(EXTRACTED RECORDS)
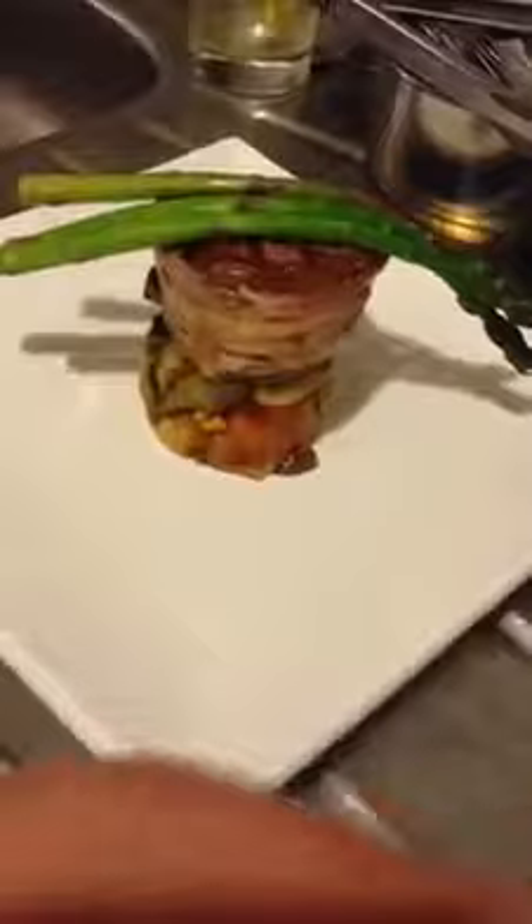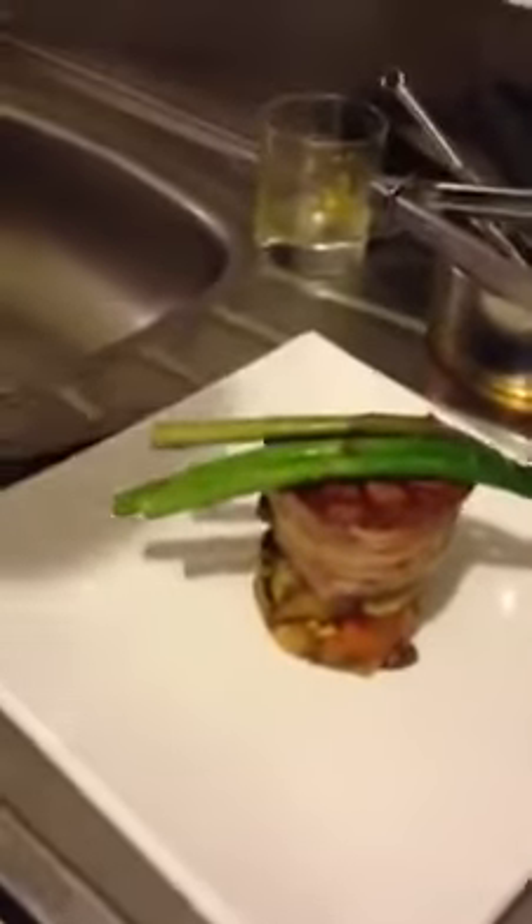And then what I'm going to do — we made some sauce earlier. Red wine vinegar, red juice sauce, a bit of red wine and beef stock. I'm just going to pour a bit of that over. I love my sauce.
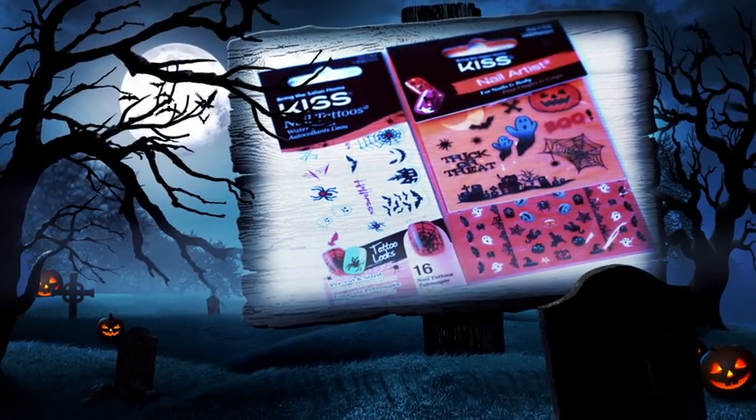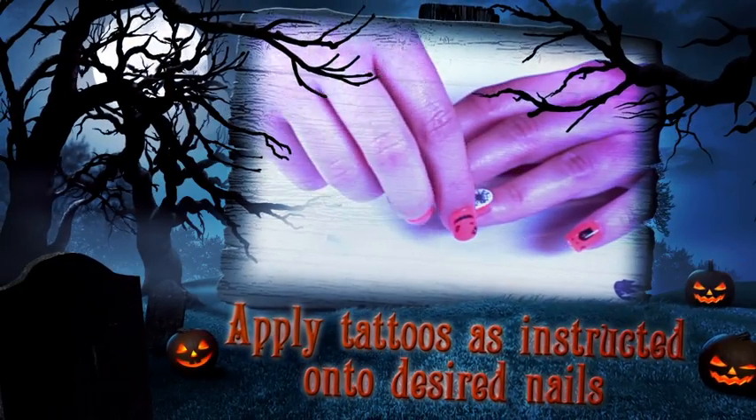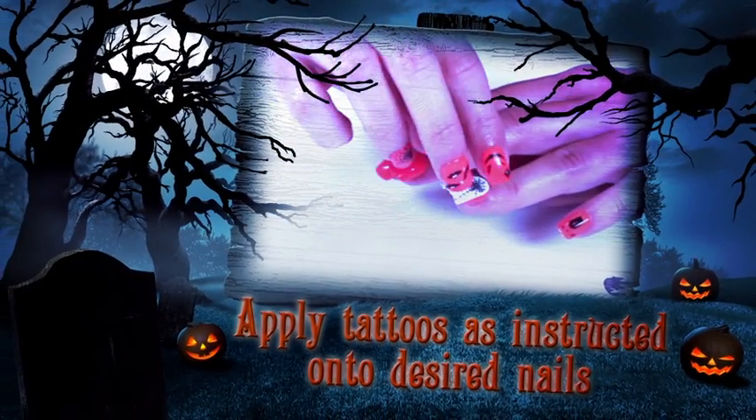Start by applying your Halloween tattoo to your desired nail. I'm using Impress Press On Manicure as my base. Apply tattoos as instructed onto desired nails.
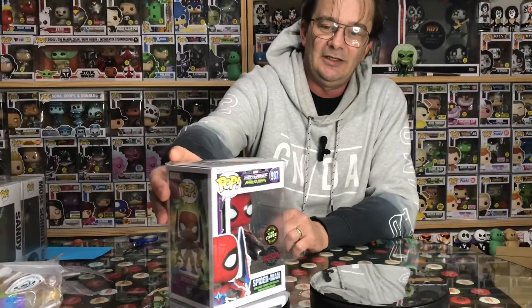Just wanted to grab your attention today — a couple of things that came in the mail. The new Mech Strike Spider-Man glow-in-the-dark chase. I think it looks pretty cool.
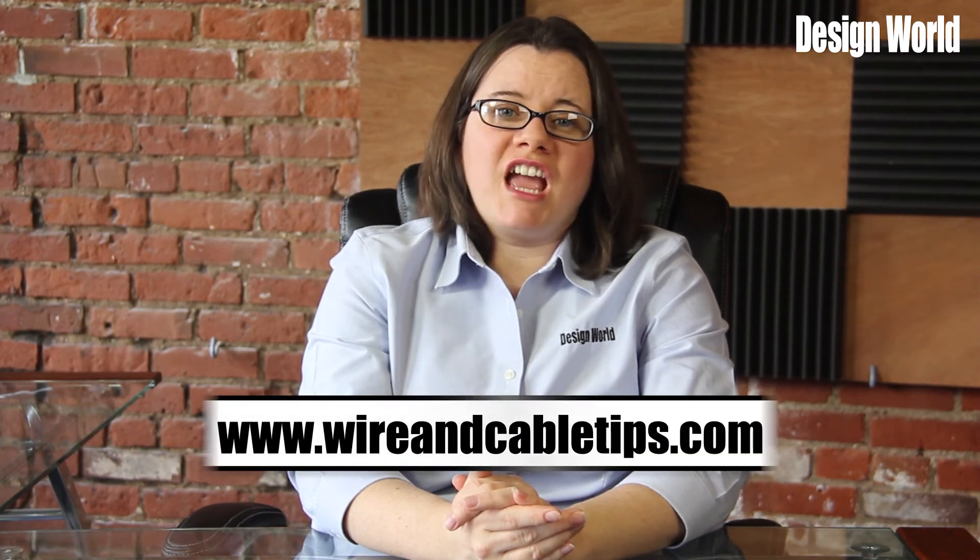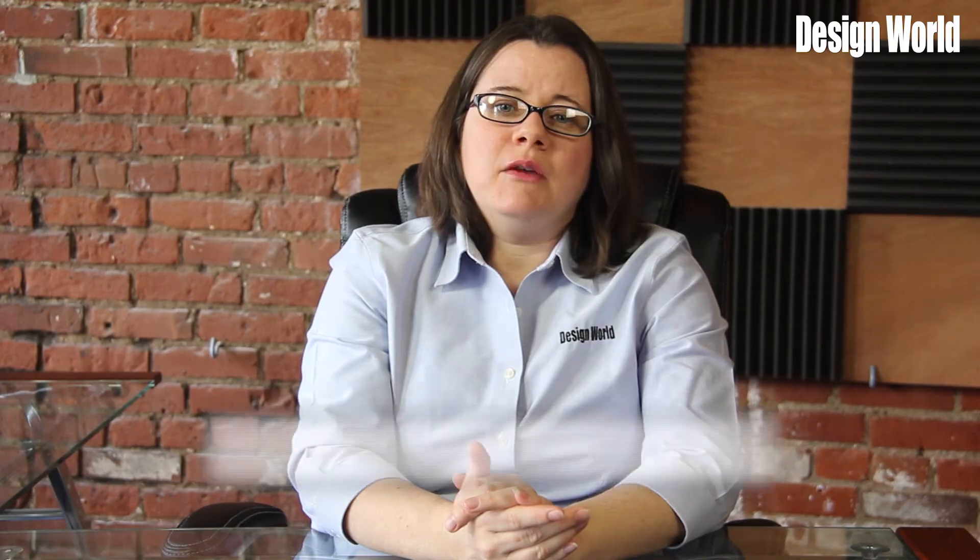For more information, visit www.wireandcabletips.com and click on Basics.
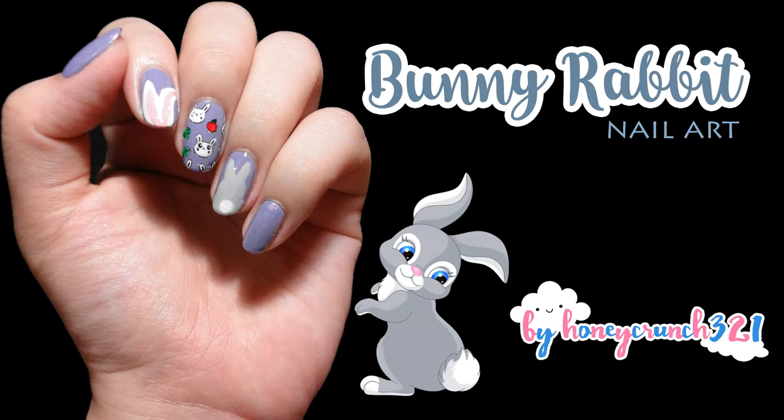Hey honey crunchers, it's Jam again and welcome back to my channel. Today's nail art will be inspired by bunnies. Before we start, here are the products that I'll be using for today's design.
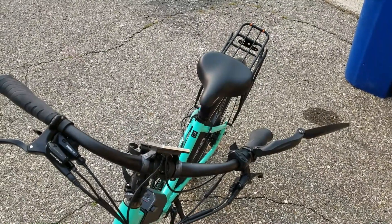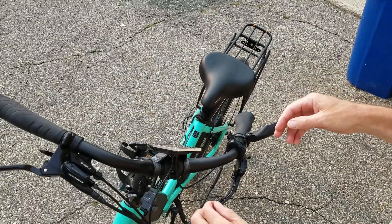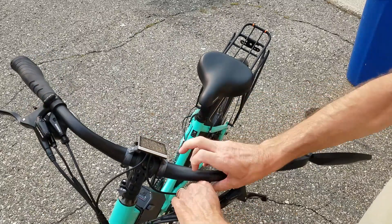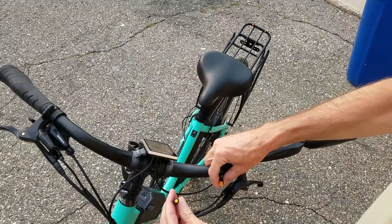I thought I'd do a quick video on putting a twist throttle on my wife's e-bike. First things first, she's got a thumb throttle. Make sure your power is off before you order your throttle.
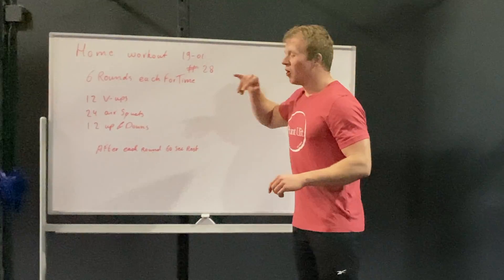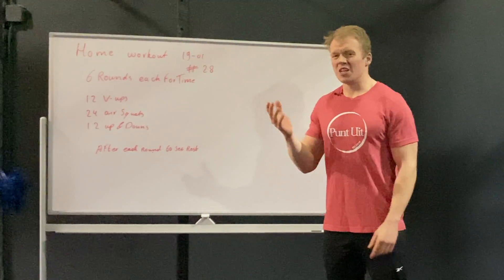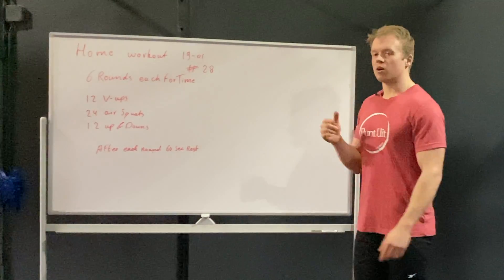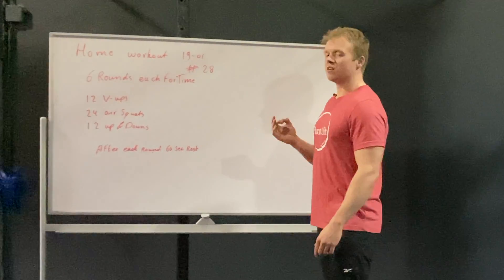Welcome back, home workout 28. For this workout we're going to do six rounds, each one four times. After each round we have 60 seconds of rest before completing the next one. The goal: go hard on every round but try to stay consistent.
(End EXTRACTED RECORDS)
_TASK BRIEF_
Exclude the pictures and write out exactly the lines from the one holding "Just wanted to" through the end of the entries, inclusive, and only those.

_EXERCISE RESULT_
Just wanted to grab your attention today — a couple of things that came in the mail. The new Mech Strike Spider-Man glow-in-the-dark chase. I think it looks pretty cool.
For more information, visit www.wireandcabletips.com and click on Basics.
Hey honey crunchers, it's Jam again and welcome back to my channel. Today's nail art will be inspired by bunnies. Before we start, here are the products that I'll be using for today's design.
I thought I'd do a quick video on putting a twist throttle on my wife's e-bike. First things first, she's got a thumb throttle. Make sure your power is off before you order your throttle.
Welcome back, home workout 28. For this workout we're going to do six rounds, each one four times. After each round we have 60 seconds of rest before completing the next one. The goal: go hard on every round but try to stay consistent.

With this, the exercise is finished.